You could of course apply even more sophisticated logic than that if
you wanted to. For example, you may wish to save history data for
certain users, regions, or any other changed data columns returned by
the OUTPUT clause and exposed by the CHANGES keyword. And that’s exactly the key to the power of INSERT OVER DML.
Walk
through the scenario step by step. Start with two books (A and B) and
one price change (book A from $100 to $110), as shown here:
INSERT INTO Book VALUES('A', 100, 1, NULL)
INSERT INTO Book VALUES('B', 200, 2, NULL)
INSERT INTO WeeklyChange VALUES('A', 110, 1)
SELECT * FROM Book
SELECT * FROM WeeklyChange
GO
ISBN Price Shelf ArchivedAt
---- ----- ----- -----------------------
A 100 1 NULL
B 200 2 NULL
(2 row(s) affected)
ISBN Price Shelf
---- ----- -----
A 110 1
(1 row(s) affected)
When you execute uspUpdateBooks, the inner MERGE statement will update the price for book A in the Book table and send its original values to the OUTPUT clause. The OUTPUT clause values are then consumed by the outer INSERT INTO…SELECT statement via the CHANGES keyword.

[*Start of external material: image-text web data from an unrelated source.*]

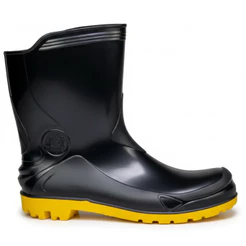 Bota Galocha de Borracha Pvc Pro Force Cano Medio Sete Leguas Leve Confotavel Macia Motoboy Chuva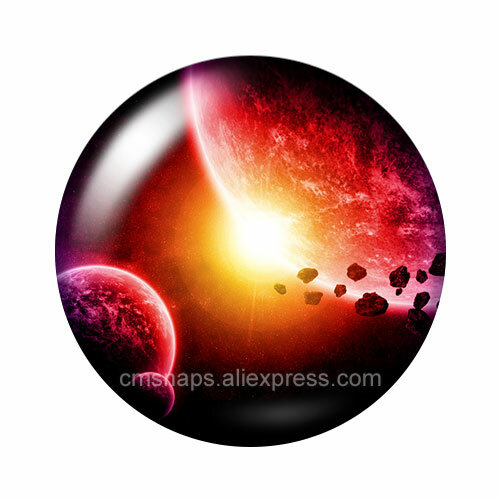 Meteoryt wybuch planeta 10 sztuk mieszane 12mm/16mm/18mm/25mm okrągłe zdjęcie szkło cabochon demo płaskie powrót dokonywanie ustalenia ZB1088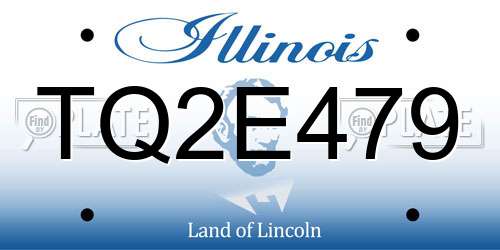 TQ2E479 Illinois License Plate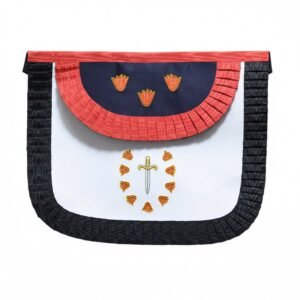 Tablier 1° Ordre. 39x33 cm - Rite Français Traditionnel (Chapitre Français)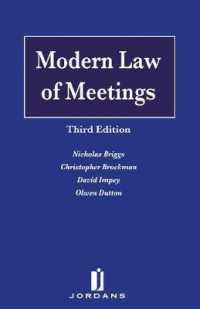 Modern Law of Meetings （3RD）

The outer statement can therefore use those original book values for inserting historical data back into the Book table with an ArchivedAt value set to the current server date and time (just before 5:00 PM on 2/25/2012, in this example), as follows:
EXEC uspUpdateBooks
SELECT * FROM Book
GO
ISBN Price Shelf ArchivedAt
---- ----- ----- ---------------------------
A 110 1 NULL
A 100 1 2012-02-25 16:57:19.8600000
B 200 2 NULL
(3 row(s) affected)
You can see the current data for book A (the row with an ArchivedAt date of NULL)
at $110, and you also see the previous data for book A, which was
changed from $100 at about 5:00 PM on 2/25/2012. Sometime later, you
receive a new set of changes. This time, book A has changed from shelf 1 to shelf 6, and a new book C has been added, as shown here:
DELETE FROM WeeklyChange
INSERT INTO WeeklyChange VALUES('A', 110, 6)

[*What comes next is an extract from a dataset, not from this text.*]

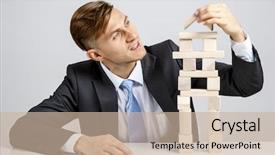  Presentation with resources - Audience pleasing PPT theme consisting of concept of business hierarchy backdrop and a soft green colored foreground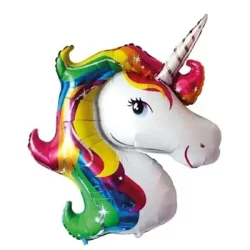 Unicorn Kafa Makaron Folyo Balon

INSERT INTO WeeklyChange VALUES('C', 300, 3)
GO
Just like the first time you ran the stored procedure, the
current row for book A is updated, and a snapshot of the previous
contents of the row is added to the table with the current server date
and time, as shown here:
EXEC uspUpdateBooks
SELECT * FROM Book
GO
ISBN Price Shelf ArchivedAt
---- ----- ----- ---------------------------
A 110 6 NULL
A 100 1 2012-02-25 16:57:19.8600000
A 110 1 2012-02-25 16:58:36.1900000
B 200 2 NULL
C 300 3 NULL
(5 row(s) affected)
Now book A has two history records showing the values saved from two earlier updates identified by date and time values in the ArchivedAt column. There is also a new row for book C, which was inserted by the WHEN NOT MATCHED clause of the MERGE statement.

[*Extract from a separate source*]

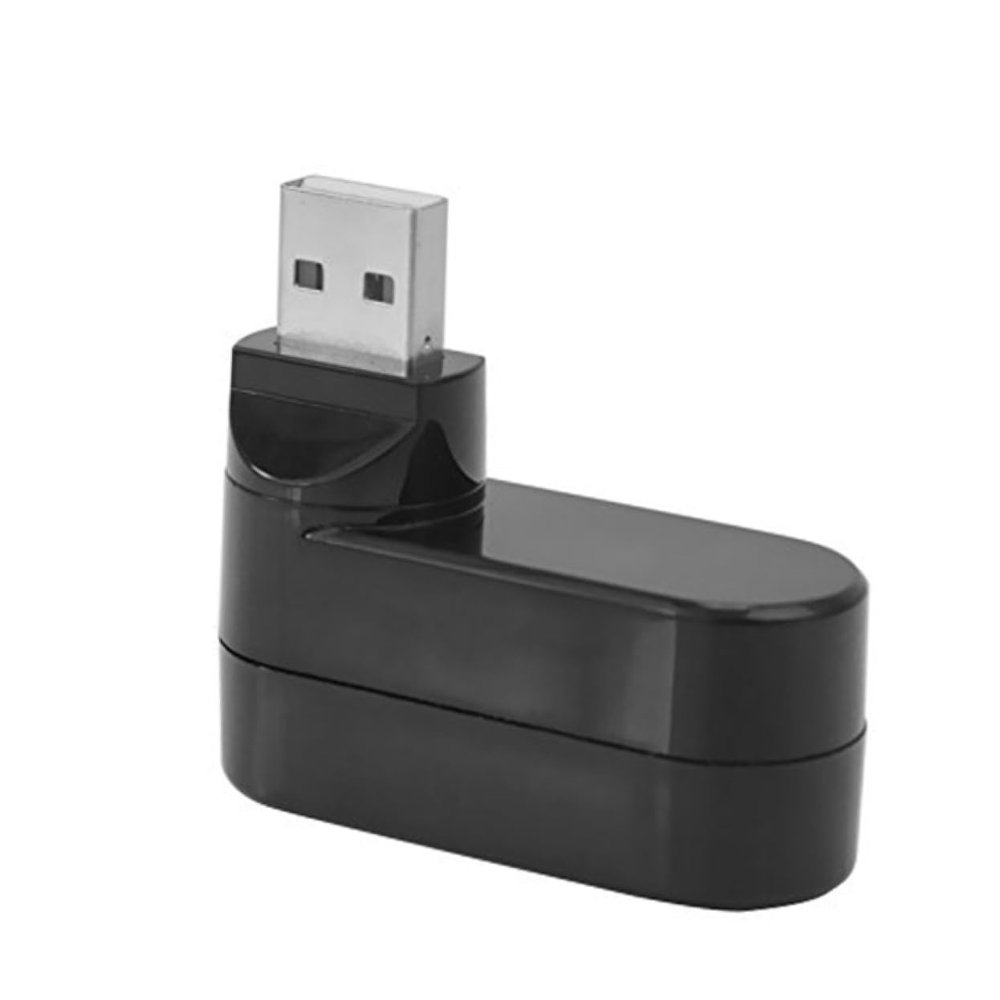HOMSFOU Rotatable USB Hub USB Ports Splitter Adapter Cable Hub Adapter for Pc Laptop High Speed Data Transfer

However, notice that there is no history row for book C, because the insert action that was actually captured by the MERGE statement’s OUTPUT clause was subsequently filtered out in the WHERE clause of the outer INSERT INTO…SELECT statement. Had you not filtered out insert actions in that WHERE clause, another history record would have also been added to the table for book C with meaningless NULL values for both Price and Shelf. Therefore, by filtering OUTPUT actions by using INSERT
OVER DML, you avoid the proliferation of history rows that would get
generated with each new book. You also eliminated the extra columns for
the new values that were used in the previous example’s BookHistory table, as they are stored in each updated version archived in the Book table itself. And you eliminated the need to store an Action
column, because only update actions are being captured. In the end, a
lot of benefit was derived by eliminating needless storage, and it was
all accomplished with a single INSERT OVER DML statement.
As you can see, the combination of the MERGE and INSERT OVER DML features in SQL Server is a very powerful addition to T-SQL. A fully loaded MERGE (handling inserts, updates, and deletes) wrapped up using
INSERT OVER DML delivers an enormous amount of functionality in a
single, manageable statement. We recommend using these new features in
lieu of the traditional multi-statement approaches in whatever future
development scenarios you find it possible to do so. In addition to
improved performance, you’ll appreciate the greater manageability that
results from consolidating multiple statements into one.